Wenn es dann aber hartnäckig wird, dann sind die Schulen doch sowieso bloß noch mittelbar Beteiligte, weil sie den Fall an die Ordnungsbehörden oder insbesondere an die Jugendämter abgeben, da sie dann doch gar keinen Zugang zu dem ganzen Sachverhalt mehr haben.

Die Schulen sind vor allem mit den Kindern konfrontiert, die in der Schule sind. Für die Kinder, die in der Schule sind, haben wir Ordnungsmaßnahmen. Diesbezüglich, liebe Kolleginnen und Kollegen, die nicht aus dem schulischen Umfeld stammen, will ich darauf hinweisen, welche Absurdität wir uns leisten. Wir haben für Schülerinnen und Schüler, die in der Schule sind und ihrer Schulpflicht nachkommen und sich dort wie auch immer nicht ordentlich benehmen, die Möglichkeit der Ordnungsmaßnahmen, sie bis zu fünf Tage von der Schule auszuschließen. Wenn sie nicht in die Schule kommen, dann sperren wir sie ein. Das ergibt doch keinen Sinn.
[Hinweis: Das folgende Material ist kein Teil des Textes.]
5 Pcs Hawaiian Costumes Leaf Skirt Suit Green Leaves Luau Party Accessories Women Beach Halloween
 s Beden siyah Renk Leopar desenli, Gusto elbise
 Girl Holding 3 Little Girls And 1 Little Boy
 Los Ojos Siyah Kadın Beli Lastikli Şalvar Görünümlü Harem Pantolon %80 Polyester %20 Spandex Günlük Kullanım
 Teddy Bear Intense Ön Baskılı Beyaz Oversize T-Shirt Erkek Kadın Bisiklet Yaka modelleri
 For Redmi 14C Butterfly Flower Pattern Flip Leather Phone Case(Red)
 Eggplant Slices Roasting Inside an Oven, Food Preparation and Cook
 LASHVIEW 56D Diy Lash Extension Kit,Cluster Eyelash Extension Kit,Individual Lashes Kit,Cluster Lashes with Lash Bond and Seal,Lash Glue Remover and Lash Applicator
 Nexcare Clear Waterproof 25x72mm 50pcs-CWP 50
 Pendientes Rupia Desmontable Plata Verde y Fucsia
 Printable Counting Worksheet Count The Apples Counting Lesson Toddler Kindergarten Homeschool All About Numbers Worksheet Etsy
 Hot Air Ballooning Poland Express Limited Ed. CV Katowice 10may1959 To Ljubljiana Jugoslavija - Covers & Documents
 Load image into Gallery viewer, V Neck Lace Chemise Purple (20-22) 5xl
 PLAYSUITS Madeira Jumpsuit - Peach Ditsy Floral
(Zustimmung bei der LINKEN)

Wir müssen doch akzeptieren, dass Lernprozesse zutiefst von Motivation geprägt sind und nicht von Zwang. Wenn ich mir jemanden in die Schule hole, der soll doch dort seine Zeit nicht absitzen, sondern die Zeit für seine Bildung nutzen. Ich hole mir jemanden gegen seinen Willen herein, weil ich mit ihm nicht anders zurechtkomme. Notfalls wird er von der Polizei zugeführt. Dann macht er so viel Ärger, dass ich ihn anschließend mit einer Ordnungsmaßnahme wieder für eine Woche von der Schule ausschließe.

Jetzt schütteln Sie nicht mit dem Kopf; natürlich ist das so.